Background: One of the most important complications of the wound is tissue infection. One of the most common causes of tissue infections is microorganisms such as Staphylococcus. This research investigates the impact of argan oil and polyhexanide on the healing process in wounds with tissue loss infected with Staphylococcus aureus (S. aureus).

Methods: The study involved 45 male mice, with 10 mm skin incisions made on their backs under general anaesthesia to create wounds. After 24 hours, an S. aureus (ATCC) suspension was applied to the scars. Wound cultures were collected from each mouse 48 hours later and this was repeated every 48 hours until cultures confirmed S. aureus infection. Treatment commenced once S. aureus growth was detected. The mice were randomly assigned to three groups: a control group (wound created, but no treatment applied), an argan group (1 mL of argan oil administered to the wound via syringe), and a polyhexanide group (1 mL of polyhexanide administered similarly). The wound diameters and clinical symptoms were monitored daily. On the 7th and 14th days, tissue samples were taken from the sacrificed mice for histopathological examination.

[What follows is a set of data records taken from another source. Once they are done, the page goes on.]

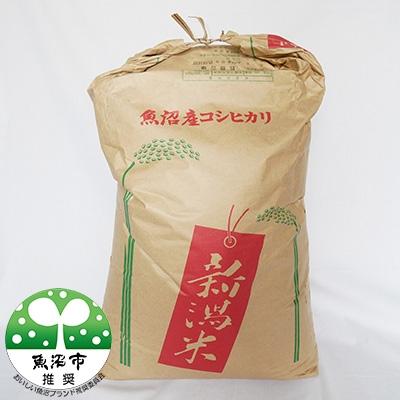 ふるさと納税 魚沼市 令和7年産 真砂屋厳選 魚沼産コシヒカリ 玄米 30kg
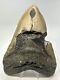 Megalodon Shark Tooth 6.32 Massive Real Fossil Natural 18768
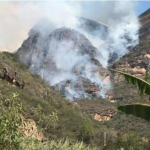 Extinguen cinco incendios forestales en Amazonas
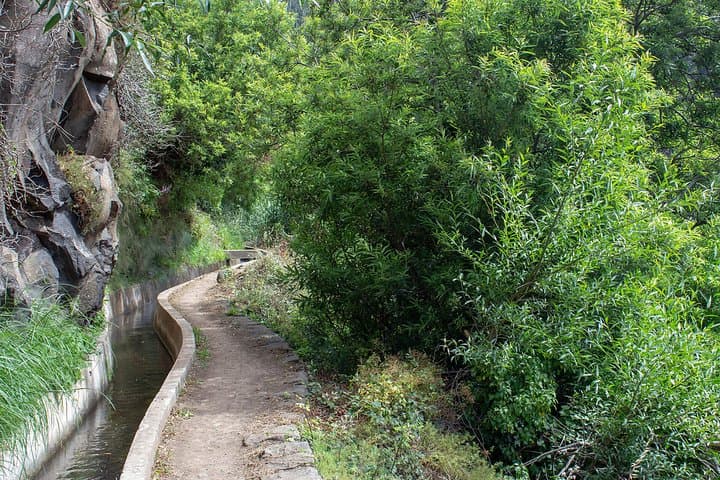 Serra D'Água Valley Walk: South Madeira's Flora, Views & Gentle Trails photo 2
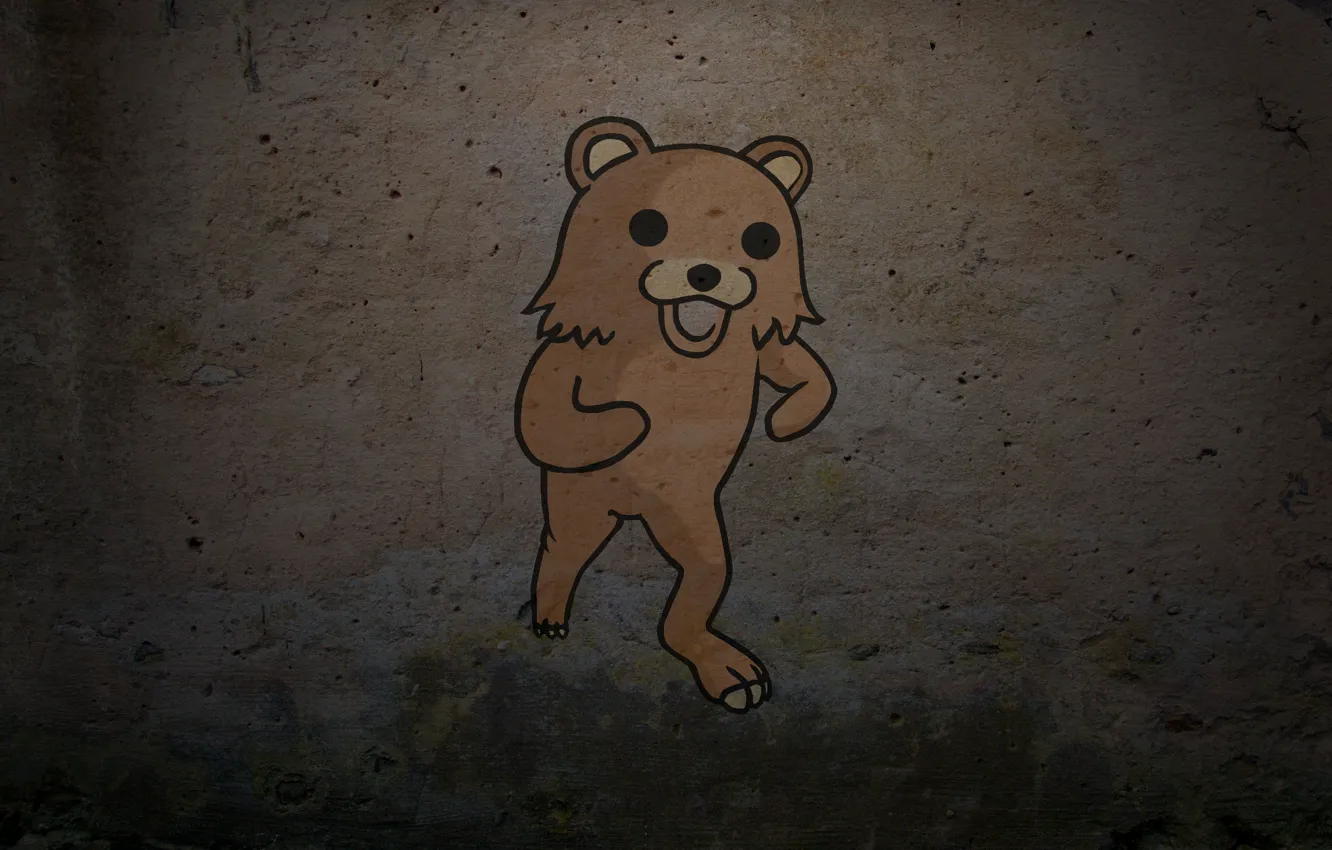 Фото обои фон, стена, медведь, bear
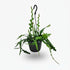 Epiphyllum anguliger — Cactus zigzag / Cactus orchidée - Verdeia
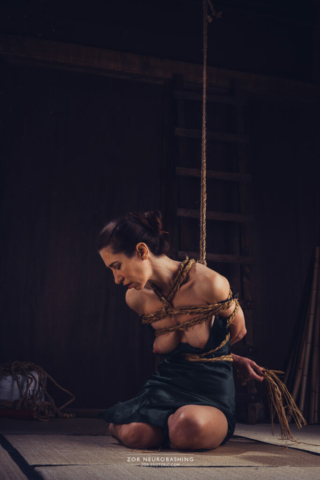 Kinbaku Shibari Photography Research Traditional Japanese Bondage Rice Straw Rope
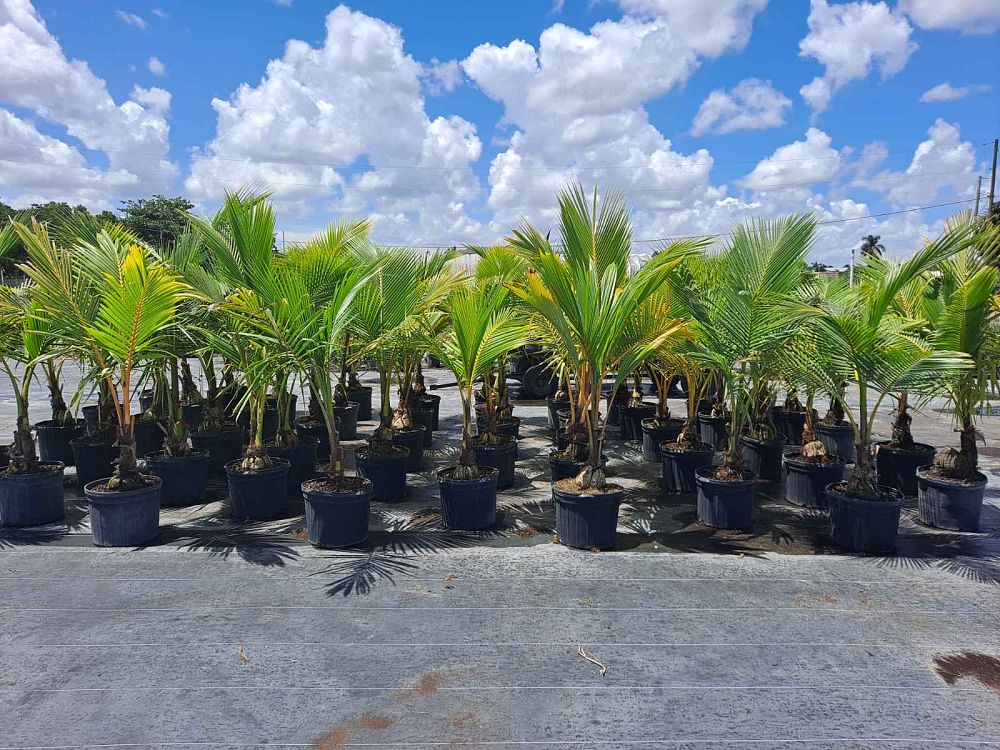cocos-nucifera-coconut-palm
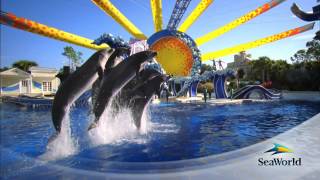 Seaworld Florida 2013 Promotional Video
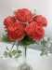 Букет пионов, 5 вВысота: 31.0 см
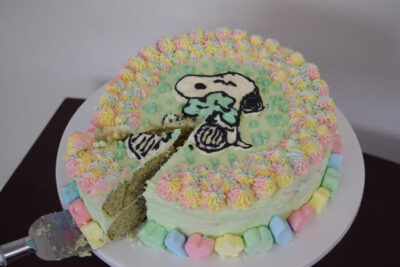 snoopy shamrock cake frosted with green and rainbow frosting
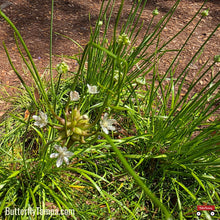 Load image into Gallery viewer, Meadow Garlic - Allium canadense (1 Gallon)
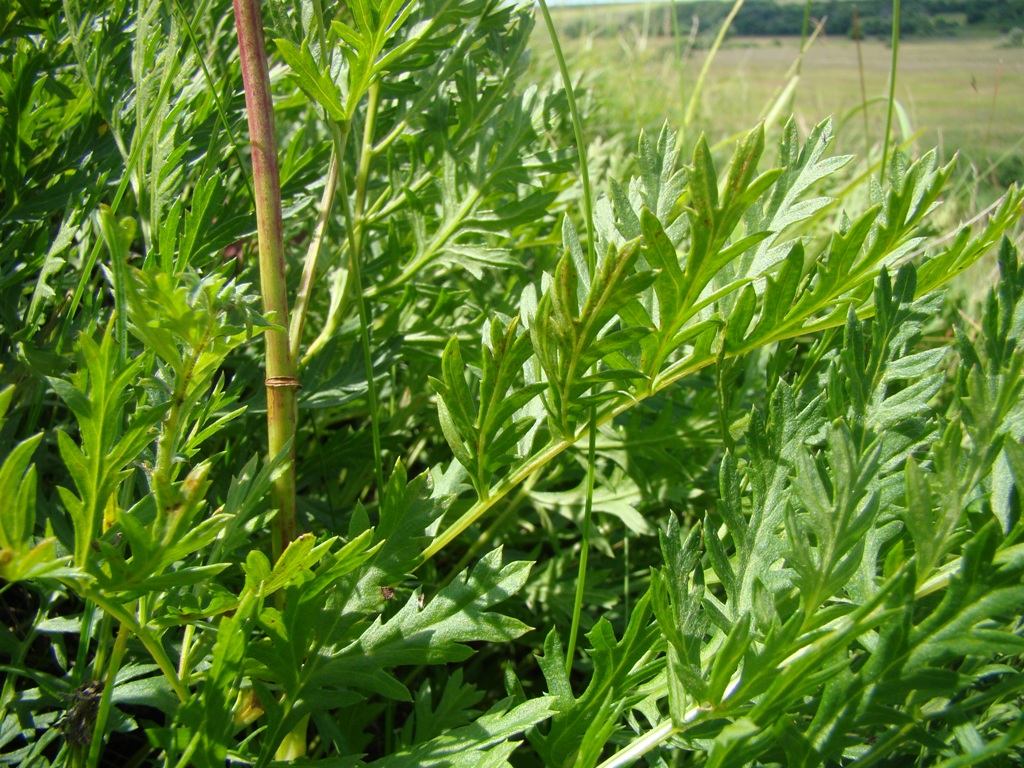 Image of Artemisia latifolia specimen.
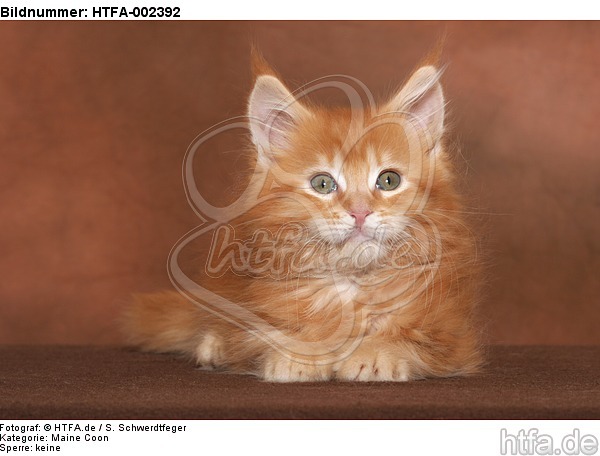 Maine Coon Kätzchen / maine coon kitten / HTFA-002392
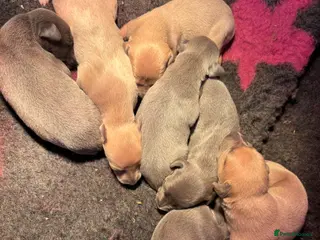 Whippet dogs Kc Reg Blue fawn & blue whippet pups - Advert 7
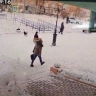 В Бурятии напавшая на девочку собака оказалась домашней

Result: Based on clinical and histopathological observations, both argan oil and polyhexanide were found to be effective in treating S. aureus-infected wounds with tissue loss in mice. However, argan oil demonstrated a superior therapeutic potential compared to polyhexanide.

INTRODUCTION

The wound is defined as the deterioration of soft tissue integrity (Alkan, 1987). One of the most important complications of the wound is infection of the tissue, due to the colonization of pathogenic bacteria in cases of normal skin flora and skin integrity are disturbed. Microorganisms such as Streptococcus and Staphylococcus are responsible for most bacterial soft tissue infections (Citil et al., 2015). Bacterial infection of the wound is a complication that may delay wound healing and result in irreversible tissue loss (Gardner et al., 2001). In addition, wound infection increases the cost of health care seriously. Antibiotic therapy is used as a standard treatment for wound infection control. However, the usage of empirical antibiotics also causes drug resistance development over time (Gardner et al., 2001; Dealey et al., 2004). The reliability of antiseptics in wound treatment should be discussed because of their toxic effects (Asada et al., 2012).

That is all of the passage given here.